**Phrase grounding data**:

-----

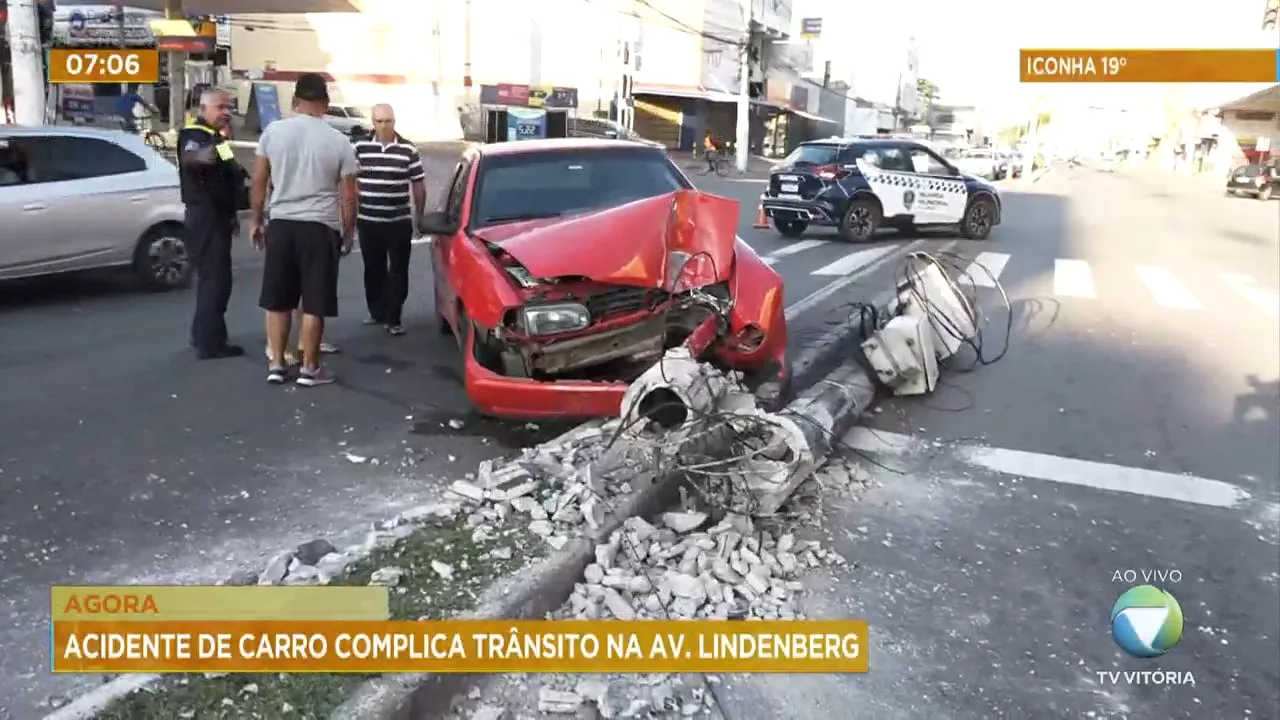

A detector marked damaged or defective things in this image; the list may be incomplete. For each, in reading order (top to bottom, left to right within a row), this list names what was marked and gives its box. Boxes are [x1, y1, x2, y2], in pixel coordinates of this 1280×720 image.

damaged red car hood [471, 192, 737, 289]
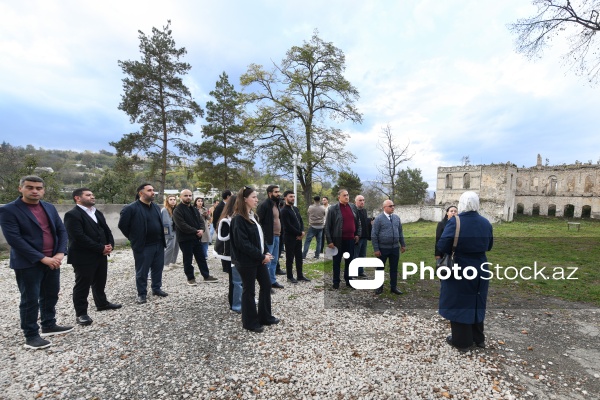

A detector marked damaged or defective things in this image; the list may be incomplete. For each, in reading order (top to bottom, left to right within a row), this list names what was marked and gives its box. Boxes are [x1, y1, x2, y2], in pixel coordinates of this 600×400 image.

damaged facade [436, 155, 600, 222]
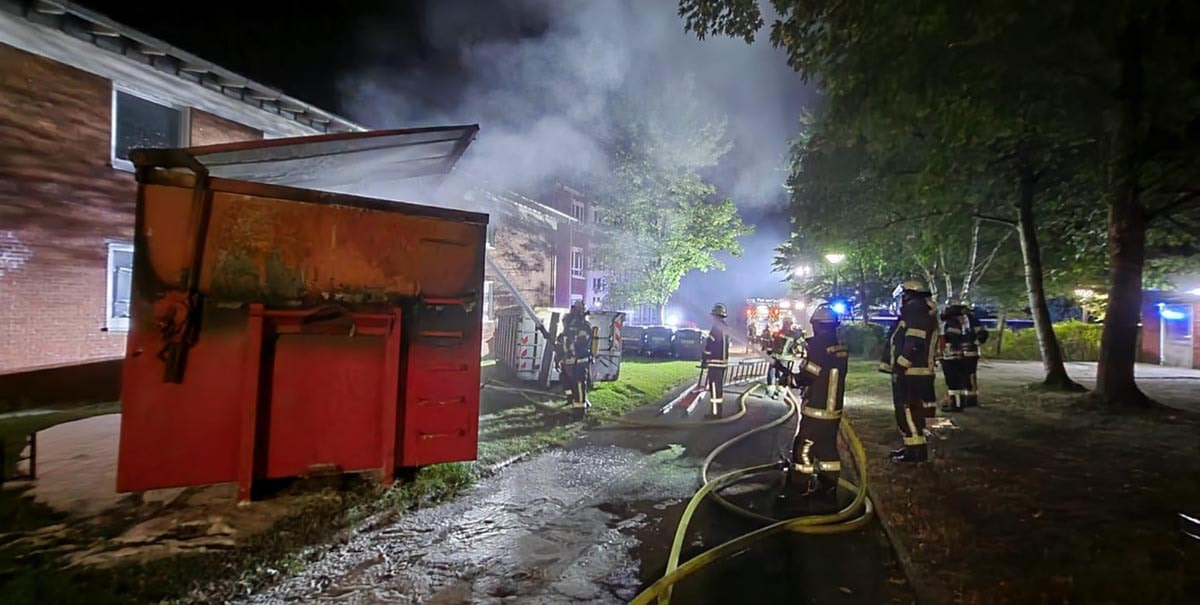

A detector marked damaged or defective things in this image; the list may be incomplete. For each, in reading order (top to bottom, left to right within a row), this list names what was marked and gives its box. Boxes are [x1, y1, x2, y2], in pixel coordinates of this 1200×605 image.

rusty metal container [115, 125, 482, 499]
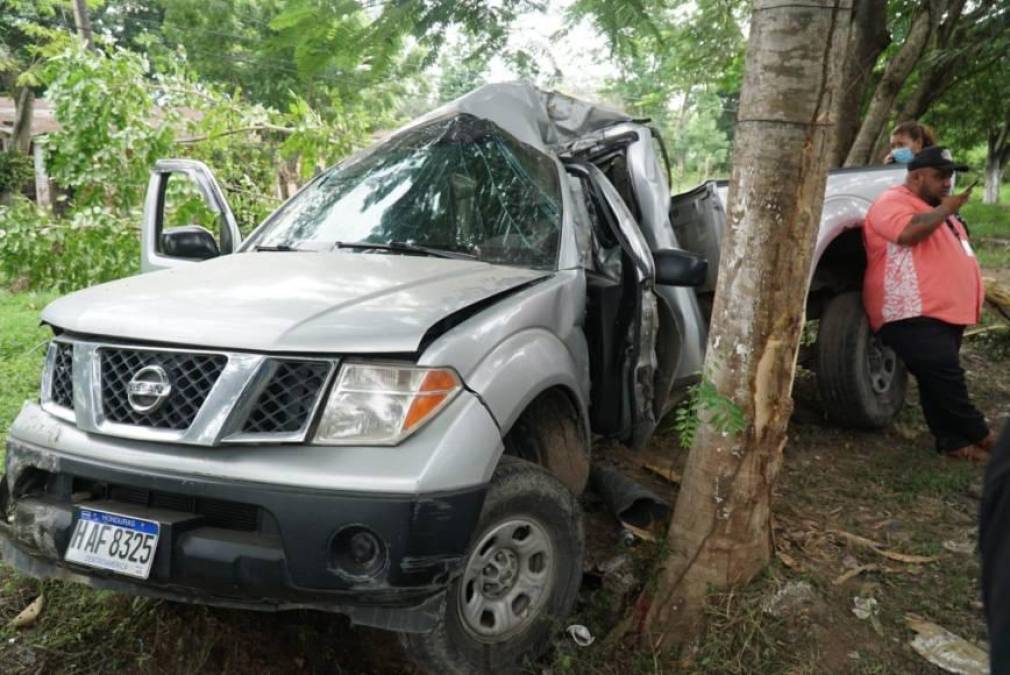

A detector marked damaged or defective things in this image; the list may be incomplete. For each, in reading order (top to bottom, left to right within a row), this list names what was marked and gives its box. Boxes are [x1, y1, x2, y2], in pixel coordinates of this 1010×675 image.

shattered windshield [241, 114, 564, 270]
damaged hood [43, 254, 548, 354]
crashed nissan truck [0, 82, 896, 672]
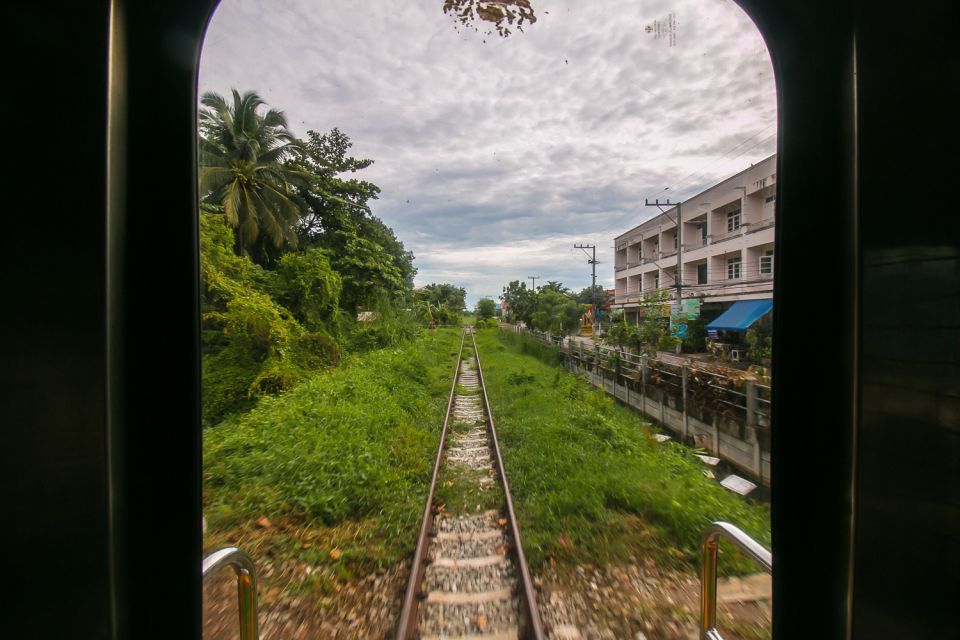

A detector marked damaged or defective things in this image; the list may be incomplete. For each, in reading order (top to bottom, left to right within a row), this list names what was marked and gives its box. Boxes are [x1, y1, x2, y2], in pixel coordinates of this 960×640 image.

rusty rail surface [392, 330, 544, 640]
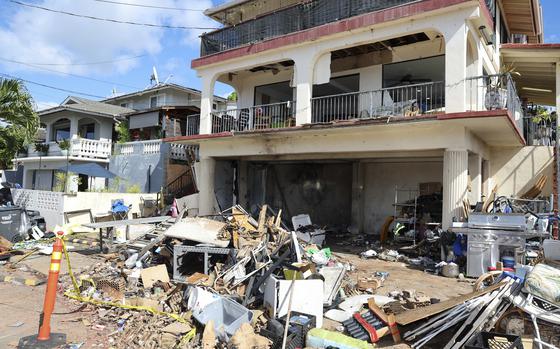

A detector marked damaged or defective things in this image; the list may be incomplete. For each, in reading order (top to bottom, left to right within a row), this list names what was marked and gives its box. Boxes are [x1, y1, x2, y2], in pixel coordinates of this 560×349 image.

damaged house [168, 0, 556, 232]
splintered lumber [520, 174, 548, 198]
splintered lumber [394, 278, 508, 324]
broken wood plank [394, 278, 508, 324]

-----

**Directions for this task**:
Could you set down nothing but the lines from the one containing "this 960×640 image." through the last line of the records above, both ends included, exactly as given and free of pictures?

**Written reply**:
A detector marked damaged or defective things in this image; the list may be incomplete. For each, in reading order (top to bottom, left to right within a row), this list names what was marked and gives its box. Boxes are [x1, y1, x2, y2], in pixel coordinates of this 960×640 image.

rusty rail surface [392, 330, 544, 640]

A detector marked damaged or defective things in this image; the list may be incomplete. For each, in reading order (top to bottom, left to right within a row), this list names what was marked and gives its box. Boxes are [x1, y1, x2, y2], in pixel coordinates of this 560×349 image.

damaged house [168, 0, 556, 232]
splintered lumber [520, 174, 548, 198]
splintered lumber [394, 278, 508, 324]
broken wood plank [394, 278, 508, 324]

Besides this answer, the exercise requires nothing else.